§ **Web page caption snippets**:
# # #
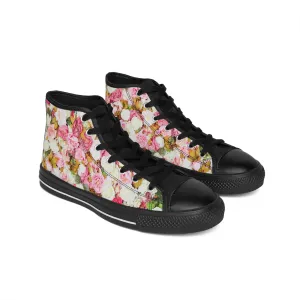 Pink Flowers - Inovax Women's Classic Sneakers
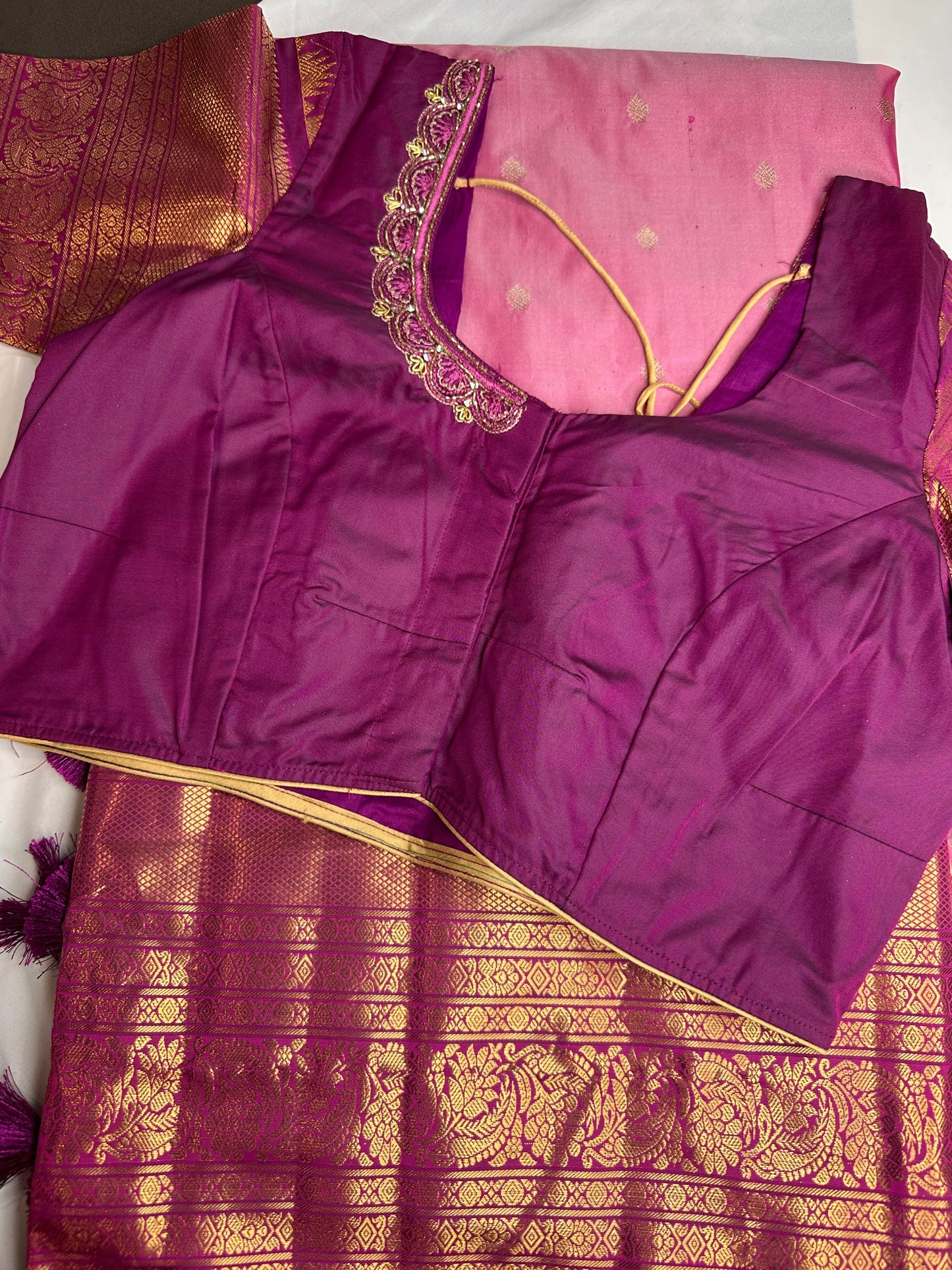 Semi Gadwal Silk Palki Border  Silk Saree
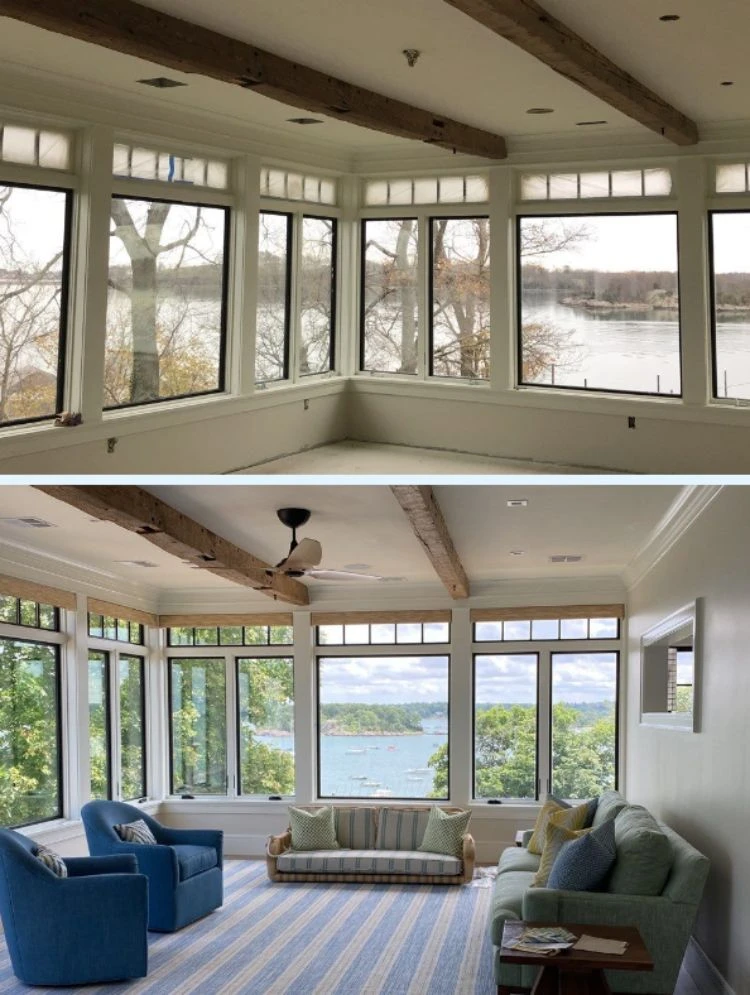 ArchCentral Two pictures of a living room with a view of a lake, transformed by the skilled Andover Commercial & Residential Painters of Arch Painting.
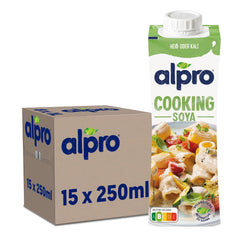 Alpro Cooking Soya – Vegane Kochcreme aus Soya mit neutralem Geschmack für heiße und kalte Gerichte – 15 x 250 ml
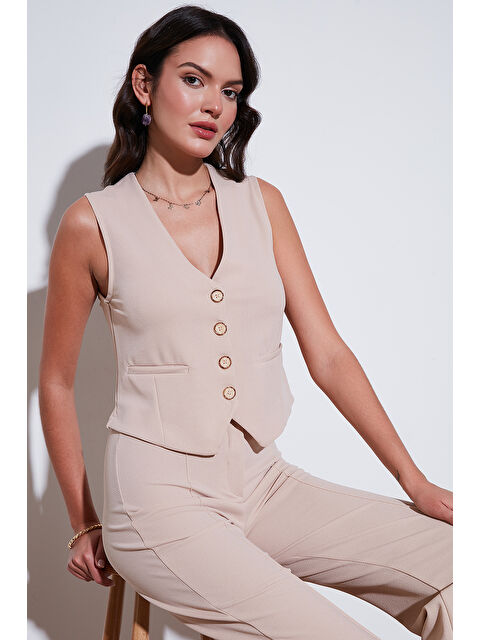 Lela Streç Fitted Fit V Yaka Düğmeli Kadın Yelek 5865971 - S000290946-25636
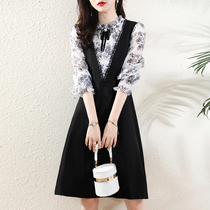 New fashion women's splicing thin dress in autumn 2022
# # #
§ **WORK INSTRUCTIONS**: Only the lines from the one containing "Semi Gadwal Silk" through the last line of the entries should be transcribed, exactly and with no pictures.

§ **YOUR RESPONSE**:
 Semi Gadwal Silk Palki Border  Silk Saree
 ArchCentral Two pictures of a living room with a view of a lake, transformed by the skilled Andover Commercial & Residential Painters of Arch Painting.
 Alpro Cooking Soya – Vegane Kochcreme aus Soya mit neutralem Geschmack für heiße und kalte Gerichte – 15 x 250 ml
 Lela Streç Fitted Fit V Yaka Düğmeli Kadın Yelek 5865971 - S000290946-25636
 New fashion women's splicing thin dress in autumn 2022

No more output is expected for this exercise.